### REQUIREMENT
Below are the records; give again exactly the line with "Boat on the", the line with "A bedroom with", and each line that lies between them, and nothing besides.

Short descriptive text snippets:
---

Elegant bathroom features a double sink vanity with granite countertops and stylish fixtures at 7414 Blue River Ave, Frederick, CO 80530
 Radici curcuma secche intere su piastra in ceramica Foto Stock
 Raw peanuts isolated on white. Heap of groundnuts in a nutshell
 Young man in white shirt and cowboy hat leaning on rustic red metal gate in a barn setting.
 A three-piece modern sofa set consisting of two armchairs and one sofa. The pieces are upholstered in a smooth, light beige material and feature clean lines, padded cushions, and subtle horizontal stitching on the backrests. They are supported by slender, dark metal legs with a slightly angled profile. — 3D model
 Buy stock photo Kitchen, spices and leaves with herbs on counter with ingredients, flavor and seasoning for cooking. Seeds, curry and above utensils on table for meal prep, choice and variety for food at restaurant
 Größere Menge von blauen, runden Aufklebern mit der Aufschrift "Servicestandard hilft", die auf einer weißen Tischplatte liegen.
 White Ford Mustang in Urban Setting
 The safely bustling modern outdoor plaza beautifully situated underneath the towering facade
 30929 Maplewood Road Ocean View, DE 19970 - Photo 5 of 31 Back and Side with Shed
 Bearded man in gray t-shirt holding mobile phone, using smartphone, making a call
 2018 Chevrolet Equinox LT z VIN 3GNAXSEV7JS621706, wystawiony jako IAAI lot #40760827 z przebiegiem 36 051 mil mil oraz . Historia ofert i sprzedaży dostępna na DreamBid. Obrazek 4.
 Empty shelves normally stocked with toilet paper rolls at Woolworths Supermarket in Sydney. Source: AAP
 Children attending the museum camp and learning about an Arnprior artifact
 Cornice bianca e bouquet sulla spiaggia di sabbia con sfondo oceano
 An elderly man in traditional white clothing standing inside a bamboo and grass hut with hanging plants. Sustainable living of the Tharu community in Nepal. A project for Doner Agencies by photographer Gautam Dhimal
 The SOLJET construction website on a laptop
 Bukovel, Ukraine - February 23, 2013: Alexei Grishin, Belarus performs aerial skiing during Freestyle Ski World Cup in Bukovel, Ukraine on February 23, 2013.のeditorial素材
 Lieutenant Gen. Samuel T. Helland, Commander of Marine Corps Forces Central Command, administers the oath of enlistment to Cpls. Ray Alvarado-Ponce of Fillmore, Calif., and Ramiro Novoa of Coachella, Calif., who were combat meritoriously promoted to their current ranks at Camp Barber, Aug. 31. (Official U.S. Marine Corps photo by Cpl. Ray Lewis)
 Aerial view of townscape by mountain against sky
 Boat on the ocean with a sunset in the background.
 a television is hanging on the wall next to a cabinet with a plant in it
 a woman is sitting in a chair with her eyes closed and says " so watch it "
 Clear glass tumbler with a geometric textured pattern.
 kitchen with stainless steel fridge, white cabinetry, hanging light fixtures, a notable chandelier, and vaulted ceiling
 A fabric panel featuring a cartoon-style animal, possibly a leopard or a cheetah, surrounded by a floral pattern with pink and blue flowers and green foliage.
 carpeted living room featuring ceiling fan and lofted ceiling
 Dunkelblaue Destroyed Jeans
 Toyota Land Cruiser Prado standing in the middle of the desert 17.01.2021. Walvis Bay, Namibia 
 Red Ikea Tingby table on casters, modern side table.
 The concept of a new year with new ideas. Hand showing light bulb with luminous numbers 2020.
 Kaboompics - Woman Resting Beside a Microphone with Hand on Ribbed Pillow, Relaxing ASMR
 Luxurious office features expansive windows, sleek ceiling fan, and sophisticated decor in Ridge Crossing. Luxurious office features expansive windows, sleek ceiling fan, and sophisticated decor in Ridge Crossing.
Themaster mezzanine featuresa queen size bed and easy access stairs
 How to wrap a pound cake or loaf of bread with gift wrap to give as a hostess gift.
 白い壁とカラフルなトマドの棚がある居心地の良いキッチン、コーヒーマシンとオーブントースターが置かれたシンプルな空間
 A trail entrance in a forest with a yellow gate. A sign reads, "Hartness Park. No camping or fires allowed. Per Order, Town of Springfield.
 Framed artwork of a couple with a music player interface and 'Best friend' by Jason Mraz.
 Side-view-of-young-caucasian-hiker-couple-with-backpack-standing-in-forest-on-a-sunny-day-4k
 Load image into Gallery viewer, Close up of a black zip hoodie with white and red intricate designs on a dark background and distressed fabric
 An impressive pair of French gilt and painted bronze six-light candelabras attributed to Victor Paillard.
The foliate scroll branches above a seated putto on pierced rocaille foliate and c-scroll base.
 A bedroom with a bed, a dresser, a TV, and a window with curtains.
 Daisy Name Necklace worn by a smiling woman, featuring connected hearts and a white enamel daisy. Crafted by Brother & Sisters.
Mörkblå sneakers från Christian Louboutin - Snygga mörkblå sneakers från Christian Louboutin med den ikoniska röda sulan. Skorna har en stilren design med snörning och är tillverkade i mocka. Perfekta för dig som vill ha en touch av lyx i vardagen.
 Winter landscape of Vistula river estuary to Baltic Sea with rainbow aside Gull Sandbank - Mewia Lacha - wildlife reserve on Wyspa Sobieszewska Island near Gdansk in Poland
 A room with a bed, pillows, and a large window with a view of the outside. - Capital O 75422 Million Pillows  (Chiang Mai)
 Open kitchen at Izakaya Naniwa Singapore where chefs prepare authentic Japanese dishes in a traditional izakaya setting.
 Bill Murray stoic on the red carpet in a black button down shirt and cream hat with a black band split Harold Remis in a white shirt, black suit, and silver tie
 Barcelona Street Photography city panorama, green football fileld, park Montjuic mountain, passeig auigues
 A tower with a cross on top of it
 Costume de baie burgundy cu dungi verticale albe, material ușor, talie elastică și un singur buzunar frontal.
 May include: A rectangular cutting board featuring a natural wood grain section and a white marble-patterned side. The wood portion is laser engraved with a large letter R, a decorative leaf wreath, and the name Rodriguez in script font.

---

### TASK RESPONSE
 Boat on the ocean with a sunset in the background.
 a television is hanging on the wall next to a cabinet with a plant in it
 a woman is sitting in a chair with her eyes closed and says " so watch it "
 Clear glass tumbler with a geometric textured pattern.
 kitchen with stainless steel fridge, white cabinetry, hanging light fixtures, a notable chandelier, and vaulted ceiling
 A fabric panel featuring a cartoon-style animal, possibly a leopard or a cheetah, surrounded by a floral pattern with pink and blue flowers and green foliage.
 carpeted living room featuring ceiling fan and lofted ceiling
 Dunkelblaue Destroyed Jeans
 Toyota Land Cruiser Prado standing in the middle of the desert 17.01.2021. Walvis Bay, Namibia 
 Red Ikea Tingby table on casters, modern side table.
 The concept of a new year with new ideas. Hand showing light bulb with luminous numbers 2020.
 Kaboompics - Woman Resting Beside a Microphone with Hand on Ribbed Pillow, Relaxing ASMR
 Luxurious office features expansive windows, sleek ceiling fan, and sophisticated decor in Ridge Crossing. Luxurious office features expansive windows, sleek ceiling fan, and sophisticated decor in Ridge Crossing.
Themaster mezzanine featuresa queen size bed and easy access stairs
 How to wrap a pound cake or loaf of bread with gift wrap to give as a hostess gift.
 白い壁とカラフルなトマドの棚がある居心地の良いキッチン、コーヒーマシンとオーブントースターが置かれたシンプルな空間
 A trail entrance in a forest with a yellow gate. A sign reads, "Hartness Park. No camping or fires allowed. Per Order, Town of Springfield.
 Framed artwork of a couple with a music player interface and 'Best friend' by Jason Mraz.
 Side-view-of-young-caucasian-hiker-couple-with-backpack-standing-in-forest-on-a-sunny-day-4k
 Load image into Gallery viewer, Close up of a black zip hoodie with white and red intricate designs on a dark background and distressed fabric
 An impressive pair of French gilt and painted bronze six-light candelabras attributed to Victor Paillard.
The foliate scroll branches above a seated putto on pierced rocaille foliate and c-scroll base.
 A bedroom with a bed, a dresser, a TV, and a window with curtains.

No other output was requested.